Could every line below be transcribed exactly, with the pictures dropped?

# [Given material]
====
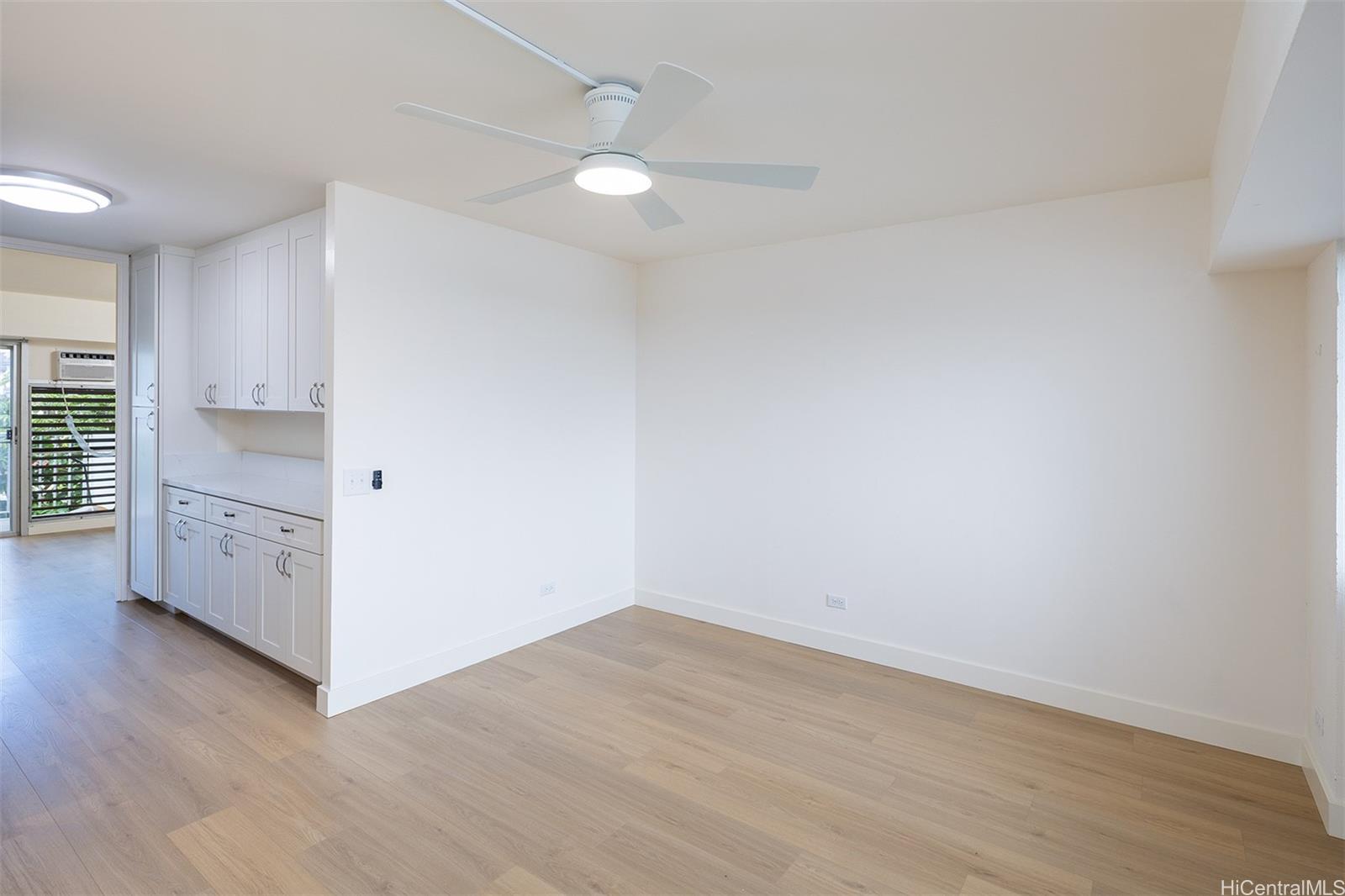 1516 Ward Ave Honolulu - Rental - photo 6 of 13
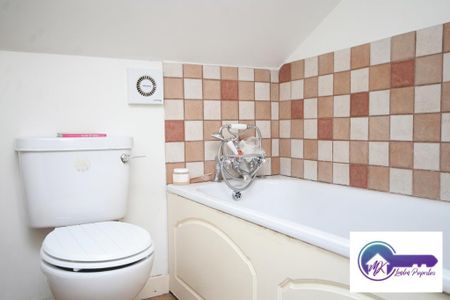 3 Bedroom Flat To Rent - Photo 3
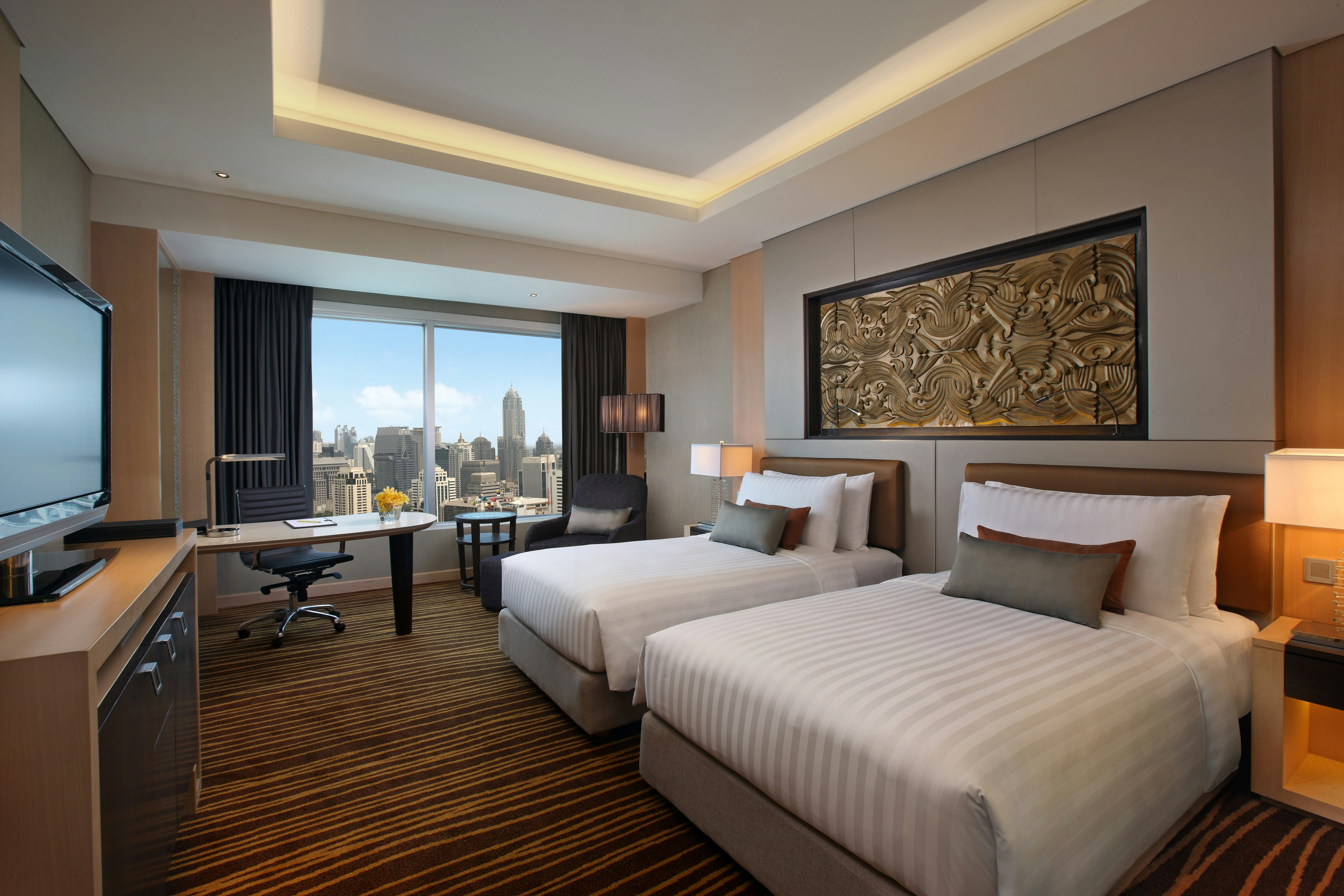 GRAND, DELUXE, TWIN BEDS, SKYLINE VIEW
====
# [The completed task]
 1516 Ward Ave Honolulu - Rental - photo 6 of 13
 3 Bedroom Flat To Rent - Photo 3
 GRAND, DELUXE, TWIN BEDS, SKYLINE VIEW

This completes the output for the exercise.